After Sappington published the formula in his medical treatise, Theory and Treatment of Fevers (1844), many other physicians began to develop their own anti-malaria pills. His was the first medical book to be printed in Missouri and one of the first books to be published west of the Mississippi. Sappington is often regarded as the first physician in the United States to successfully and effectively use quinine to treat and prevent malaria.

==Extended family==
Sappington's influence and his wife's connections likely aided the political careers of two of their sons-in-law, Meredith Miles Marmaduke, who married daughter Lavinia in 1826; and Claiborne Fox Jackson, who in 1831 married Jane Breathitt Sappington (named for her mother). She died a few months later. After serving in the Black Hawk War, Jackson married her sister Louisa in 1833. He also worked with his father-in-law and one of Louisa's brothers in his quinine business.
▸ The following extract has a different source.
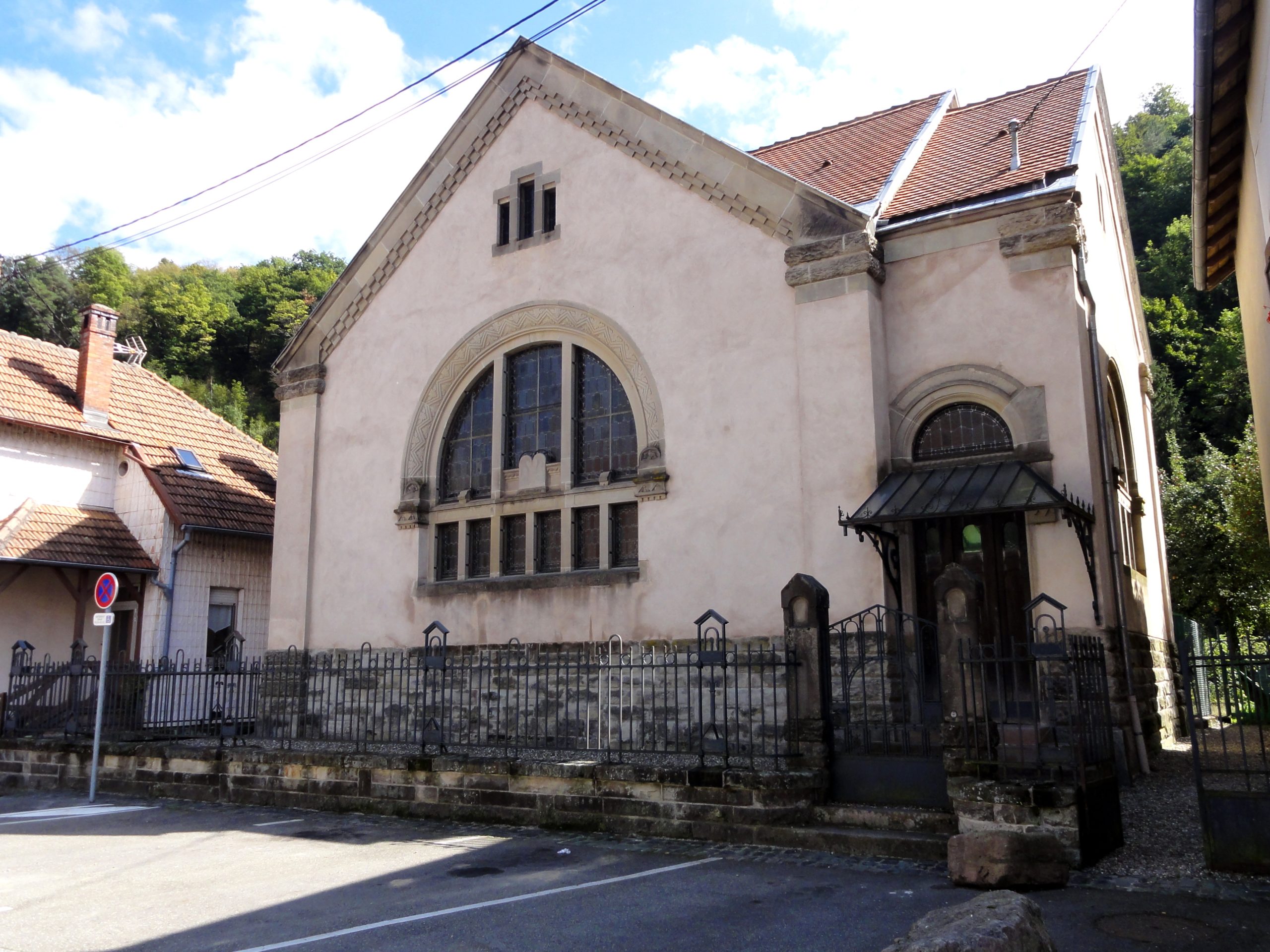 Schirmeck_Synagogue_01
After Louisa died in 1838, followed by their infant, later that year Jackson married Elizabeth Sappington (named for her maternal grandmother), a third daughter of the family. Jackson was very active in politics in central Missouri, serving for 12 years in the state house.

Sappington gave work to both Marmaduke and Jackson early in their careers, in his family businesses. Both men later served as governors of Missouri. One of Marmaduke's sons, John Sappington Marmaduke, also became a politician and was elected in 1884 as governor of Missouri, serving a single two-year term.